By Sinem Bilen-Onabanjo
11 June 2016   |   1:59 am
“It is in movies, in video games, in fashion and in music” stated a 2014 Al Jazeera report of rape culture, before defining it as “normalisation of sexual violence against women.”
Rape Statistics

Rape Statistics

A Woman’s Worth is not in the Length of her Skirt

She was wearing a mini skirt…She went to a club on her own…
She had had too much to drink…
She was a flirt…
She was dancing too close…
She let him into her dorm…
She didn’t say no…

Imagine how many times you’ve heard a variation of this sentence which makes her the subject of the verb when in actual fact she was the object of action – an action she never chose for herself, asked for, did not partake it which she will have to live with and relive for the rest of her life.

Two high-profile rape cases made headlines over the last two weeks. First it was the 16-year-old who was brutally gang raped in a Rio de Janeiro slum by no fewer than 30 men who had posted  a 38-second video on Twitter bragging about having sex with her.

Then came the Stanford University rape case where star athlete Brock Allen Turner facing a a sentence of maximum 14 years in state prison for sexually assaulting an unconscious woman was sentenced to only six months in jail because the judge, Aaron Persky, worried that a longer prison sentence would have a “severe impact on him”—yes, the rapist—and said, “I think he will not be a danger to others.”
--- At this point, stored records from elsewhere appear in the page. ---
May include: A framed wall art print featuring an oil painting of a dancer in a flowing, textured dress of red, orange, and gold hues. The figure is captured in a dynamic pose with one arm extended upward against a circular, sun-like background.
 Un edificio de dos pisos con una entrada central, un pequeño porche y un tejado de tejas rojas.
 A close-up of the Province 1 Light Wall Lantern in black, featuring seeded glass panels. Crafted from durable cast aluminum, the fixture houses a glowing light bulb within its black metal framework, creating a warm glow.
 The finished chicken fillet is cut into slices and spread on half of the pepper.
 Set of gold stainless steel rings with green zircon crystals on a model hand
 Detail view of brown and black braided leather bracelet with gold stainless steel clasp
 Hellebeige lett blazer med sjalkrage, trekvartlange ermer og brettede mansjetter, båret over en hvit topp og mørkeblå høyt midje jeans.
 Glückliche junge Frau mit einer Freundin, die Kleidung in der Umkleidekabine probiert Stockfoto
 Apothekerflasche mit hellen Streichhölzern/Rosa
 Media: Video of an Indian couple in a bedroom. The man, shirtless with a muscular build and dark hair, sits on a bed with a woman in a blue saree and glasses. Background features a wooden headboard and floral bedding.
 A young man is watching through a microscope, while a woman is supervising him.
In Brazil, Even after the police made public a segment of a cellphone video which shows the teenage victim of a gang rape naked on a bed, weakly pleading “no, no” to her laughing attackers, there were defenders of the accused. Their reasons?

She had attended sexually charged dance parties in favelas called baile funk…
She had a boyfriend…
She used recreational drugs…
She willingly and willingly consented to visit a house in the favela of Morro de Barão known as “the abbatoir”…
She already had a three-year-old child…

It isn’t gang rape, they said, it is group sex.

In America, despite being spotted by two graduates thrusting his body on top of the unconscious, half-naked woman behind a dumpster, upon realising his victim was unconscious throughout the ordeal, armed with a powerful attorney keen to dissect the victim’s personal life, Turner was free to re-write the script according to which…

She agreed to dance with him…
She agreed to go to his dorm room…
She consented to being fingered behind a dumpster…
She had orgasmed after a minute of digital penetration…
She didn’t say no…

Robbed of any remembrance of the night, she was robbed of her dignity all over again. The villain of the story blamed “campus drinking culture” for his act; even having the audacity to center himself as the primary victim, as he claimed she was conscious the entire time. And yet, more concerned about his well-being than the fact that the offender had still not fully grasped the gravity of his crime, Persky rewarded him with a reduced sentence in a horrifying example of rape culture.

“It is in movies, in video games, in fashion and in music” stated a 2014 Al Jazeera report of rape culture, before defining it as “normalisation of sexual violence against women.”

I go one step ahead and say rape culture is any culture which raises men to think:
She was wearing a mini skirt…
She was out late at night…
She was drunk…
She agreed to come to his house/dorm room/slum shack…
She didn’t say no…

Rape culture is any culture that teaches girls, from an early age, to mind what they wear, where they go, how long they stay out, how much they drink, how they walk, talk or laugh instead of teaching boys, no matter what she is wearing, where she goes, how long she has been out, how much she has had to drink, how she walks, and talks, or laugh, she is not there for his taking.

Sadly, until we learn to educate our boys the right way and for as long as they have c***s and we have c***s, as Twitter user @ClaraCryss wrote, in the aftermath of the Rio gang rape, “being born a woman is living in the uncertainty if you are going to be the next victim of rape.”

On Monday, 420 pairs of underwear were laid out on the sands of Brazil’s Copacabana beach in protest, each represent the number of women who are raped every 72 hours in Brazil, totaling up to about 50,000 women each year. In America, one in five women have reported being raped at some time in their lives. Sadly from the frat houses across the US to slums of Rio de Janeiro, rape culture is everywhere.

Among the red and white underwear on Copacabana beach were 20 large poster boards showing photographs of women with the red outline of a hand over their mouths, part of an exhibit called “I will never be silenced” by the artist Marcio Freitas. A striking echo of the parting words from the brave woman who stood up to Turner and Persky’s pesky sentence as she read him a letter describing the “severe impact” the assault had on her.

“I hope that by speaking today, you absorbed a small amount of light, a small knowing that you can’t be silenced,” she said, “You are important, unquestionably, you are untouchable, you are beautiful, you are to be valued, respected, undeniably, every minute of every day, you are powerful and nobody can take that away from you. To girls everywhere, I am with you.”

And we are with her, and with others too – the countless nameless “young girls” and “unconscious women” who have been robbed of their dignity and their peace of mind, and those living in a rape culture. Let us stand together, look out for each other and speak up until we see a day when a woman’s worth is not measured by by height of her heels or the length of skirt, or what’s in between her legs.